İftar Bilmecesi
(Hacivat, arkadaşının arkasından yetişir.)
HACİVAT – Merhaba Karagöz’üm, uğurlar olsun!
KARAGÖZ – İftar kokuları burnuna dolsun!
HACİVAT – Hah hah hah!… Eksik olma, beni yine güldürdün! Aman!…
KARAGÖZ – Ne oldu Hacı Cavcav, kel kafanı bit mi ısırdı?
HACİVAT – Değil efendim! Sen göbeklenmişsin?…
KARAGÖZ – Pataklarım ha, ağzını bozma!
HACİVAT – Canım fena bir şeyi mi söyledim?
KARAGÖZ – Köftehor, “Sen köpek yemişsin!” dedin ya!…
HACİVAT – Efendim hiç öyle söyler miyim? Yani göbek yapmışsın diyorum.
KARAGÖZ – Ne zaman börek yapmışsın?…
HACİVAT – Allah iyiliğini versin, hemen saçmalamaya başladın! Kilo almışsın…
KARAGÖZ – Bizde terazi yok ki, kilo alıp ne yapayım?
HACİVAT – Nasıl anlatmalı?… Şişmanlamışsın!…
KARAGÖZ – Öyle söylesene! Hay hay!…
HACİVAT – Nasıl da farketmemişim? Çok kilo almışsın!

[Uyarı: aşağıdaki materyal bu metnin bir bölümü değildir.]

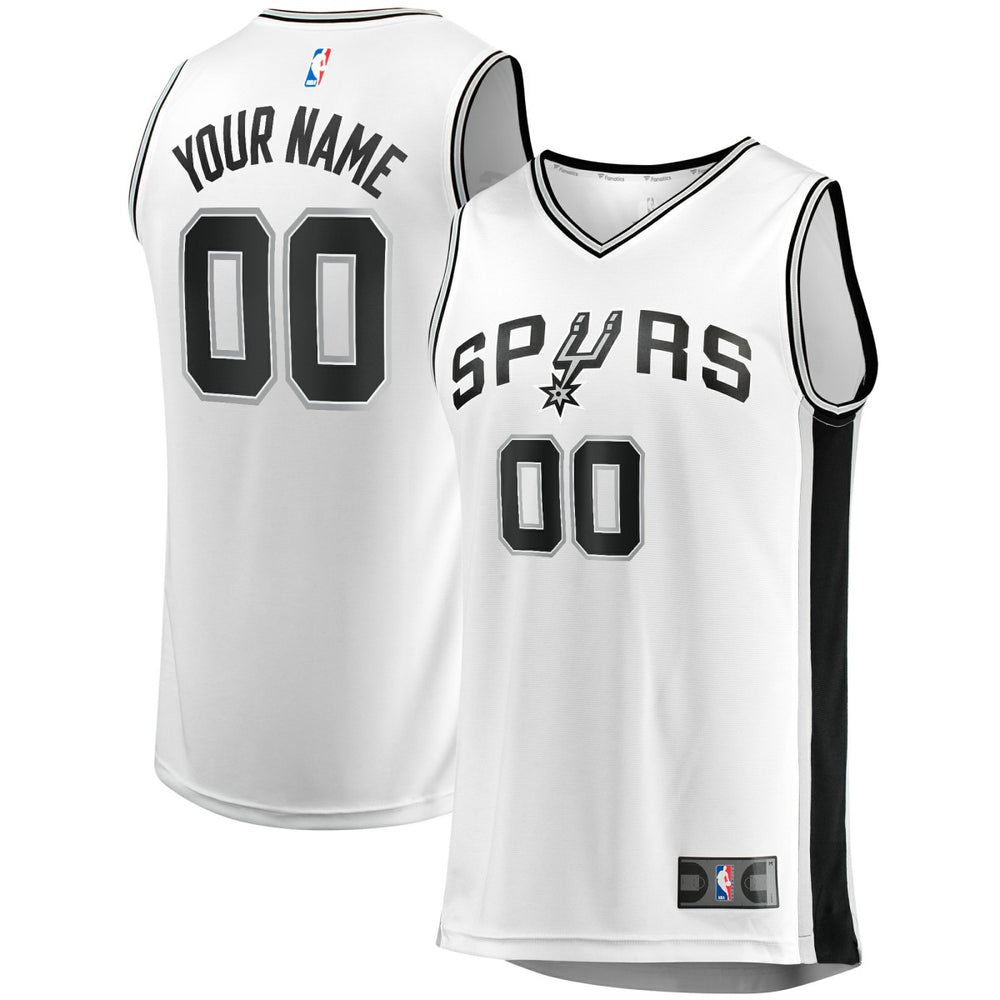 San Antonio Spurs Fast Break Custom Replica Jersey Association Edition White - NBA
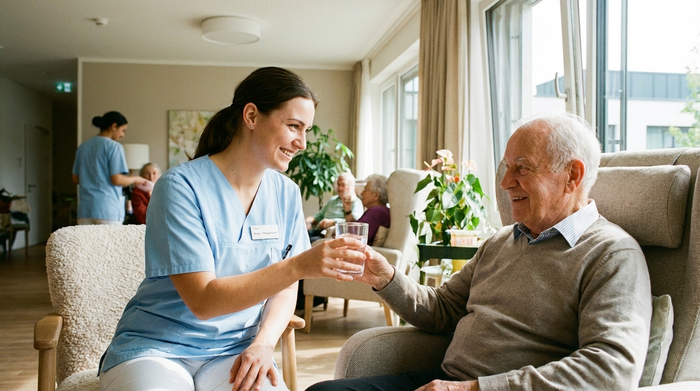 Eine einfühlsame Pflegekraft in heller Berufskleidung reicht einem lächelnden Senior ein Glas Wasser. Freundliche, professionelle Pflegeumgebung, helles Zimmer, realistische Fotografie.
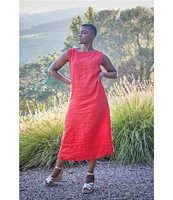Bryn Walker Light Linen Poppy Round Neck Sleeveless Pintuck Detail Shift Midi Dress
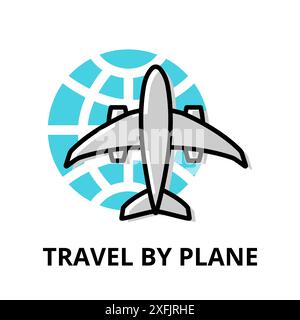 Icon concept of Travel by Plane, travel collection, modern flat line design, vector illustration, for graphic and web design Stock Vector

KARAGÖZ – Köftehor, başka türlü geçinebilir miyim?
HACİVAT – Canım, Ramazan’da kilo almanın geçinmekle ne alâkası var anlayamadım?
KARAGÖZ – Anlayamayacak ne var? Her akşam birkaç iftira, her gece birkaç sahura gidiyoruz ya, tabii bir ayda yirmiiki kilo şişmanlıyorum.
HACİVAT – Allah Allah?…
KARAGÖZ – Sonra da parasızlıktan Ramazan sonrası on bir ay akşam yemekleri ile idare ettiğim için ayda iki kilo zayıflayıp, gelecek Ramazan’a kadar idare ediyorum.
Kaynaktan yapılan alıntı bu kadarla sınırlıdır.